INFORMATION PROVIDED →
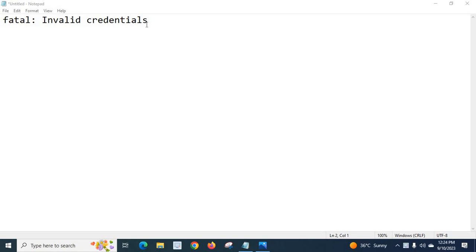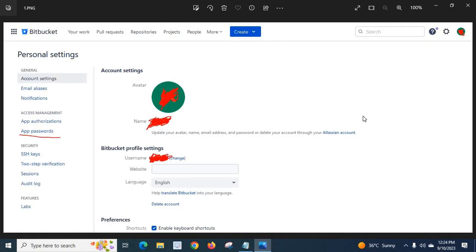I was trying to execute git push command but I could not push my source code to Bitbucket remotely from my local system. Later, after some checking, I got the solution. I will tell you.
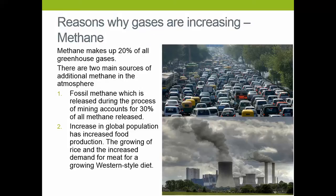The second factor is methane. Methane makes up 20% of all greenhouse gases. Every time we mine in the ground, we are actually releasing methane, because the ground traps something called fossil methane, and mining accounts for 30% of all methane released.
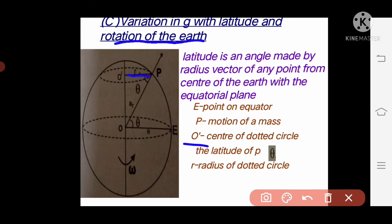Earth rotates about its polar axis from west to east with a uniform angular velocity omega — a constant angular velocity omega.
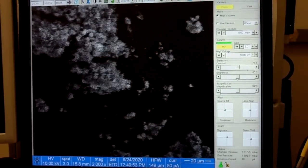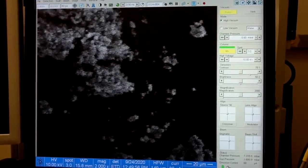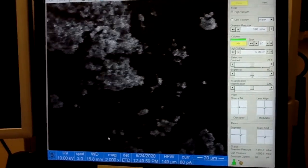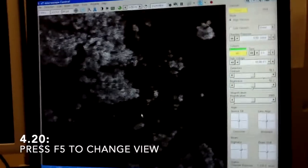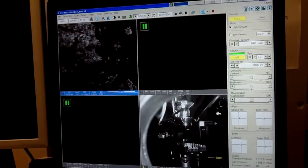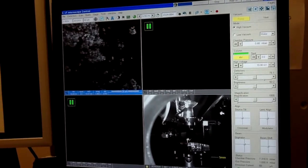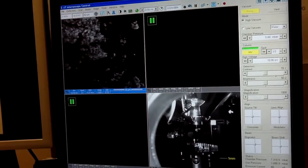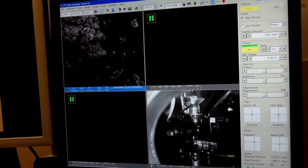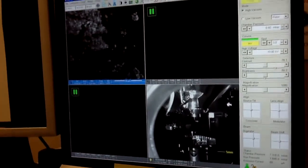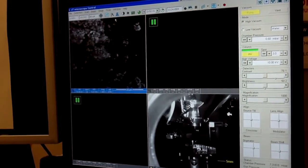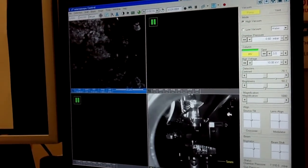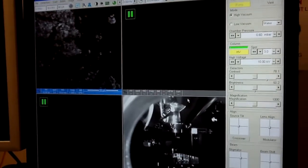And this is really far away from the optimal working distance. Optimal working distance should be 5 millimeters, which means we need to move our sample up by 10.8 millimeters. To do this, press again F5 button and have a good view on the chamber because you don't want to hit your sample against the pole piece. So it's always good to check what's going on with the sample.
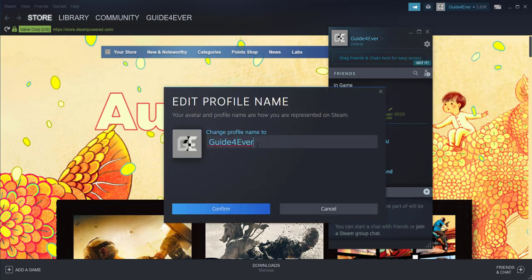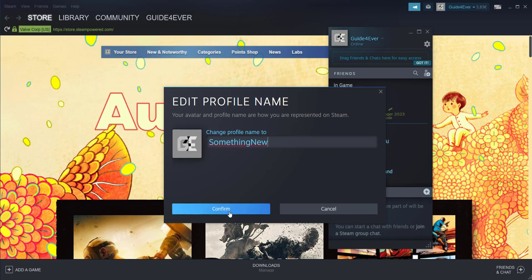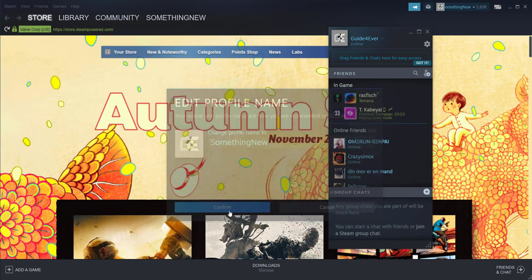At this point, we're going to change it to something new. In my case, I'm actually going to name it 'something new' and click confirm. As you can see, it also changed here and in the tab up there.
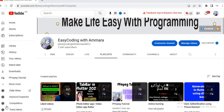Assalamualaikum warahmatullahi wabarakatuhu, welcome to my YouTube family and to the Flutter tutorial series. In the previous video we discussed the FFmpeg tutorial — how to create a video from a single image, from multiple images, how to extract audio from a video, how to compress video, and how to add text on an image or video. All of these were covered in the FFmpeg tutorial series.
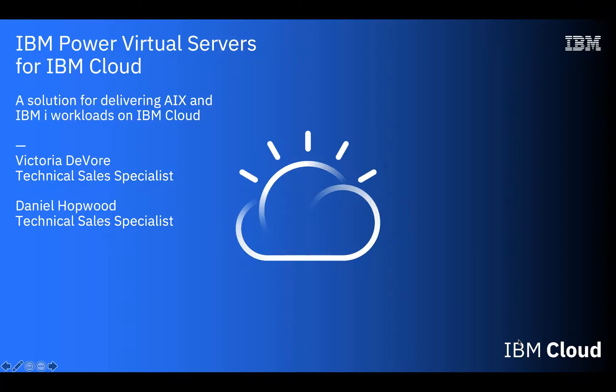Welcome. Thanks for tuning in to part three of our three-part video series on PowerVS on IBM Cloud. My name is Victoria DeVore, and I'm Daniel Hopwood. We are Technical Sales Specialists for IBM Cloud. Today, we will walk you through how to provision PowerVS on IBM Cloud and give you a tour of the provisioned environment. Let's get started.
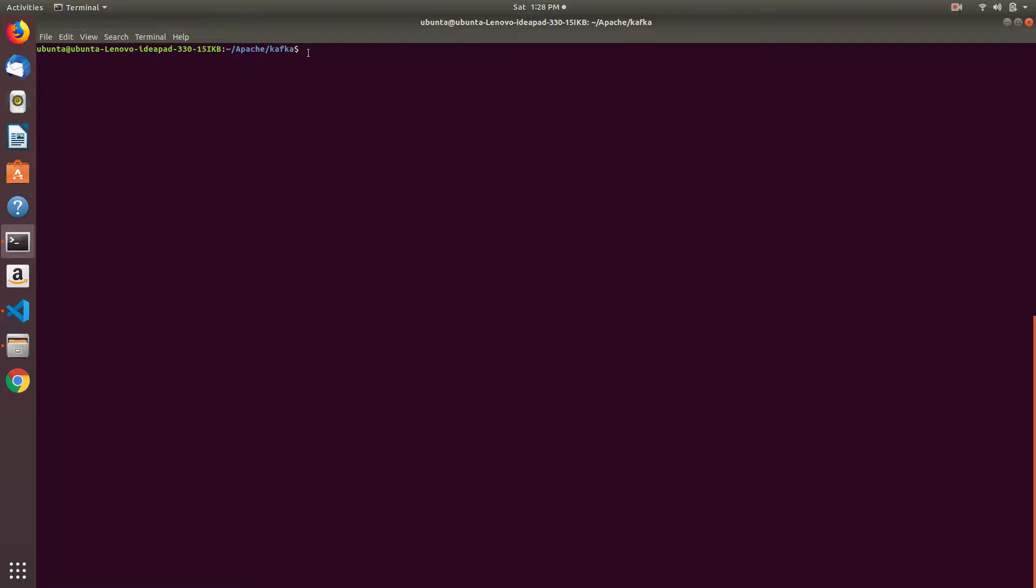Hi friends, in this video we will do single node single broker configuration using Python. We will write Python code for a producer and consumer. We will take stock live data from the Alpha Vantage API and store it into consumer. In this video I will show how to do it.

TASK GOAL → Nothing outside the stretch above, from the line with "At this point, we're" through the line with "Assalamualaikum warahmatullahi wabarakatuhu, welcome", is set down. Transcribe that stretch exactly, ends included, but not its pictures.

SOLUTION FOR THIS EXERCISE →
At this point, we're going to change it to something new. In my case, I'm actually going to name it 'something new' and click confirm. As you can see, it also changed here and in the tab up there.
Assalamualaikum warahmatullahi wabarakatuhu, welcome to my YouTube family and to the Flutter tutorial series. In the previous video we discussed the FFmpeg tutorial — how to create a video from a single image, from multiple images, how to extract audio from a video, how to compress video, and how to add text on an image or video. All of these were covered in the FFmpeg tutorial series.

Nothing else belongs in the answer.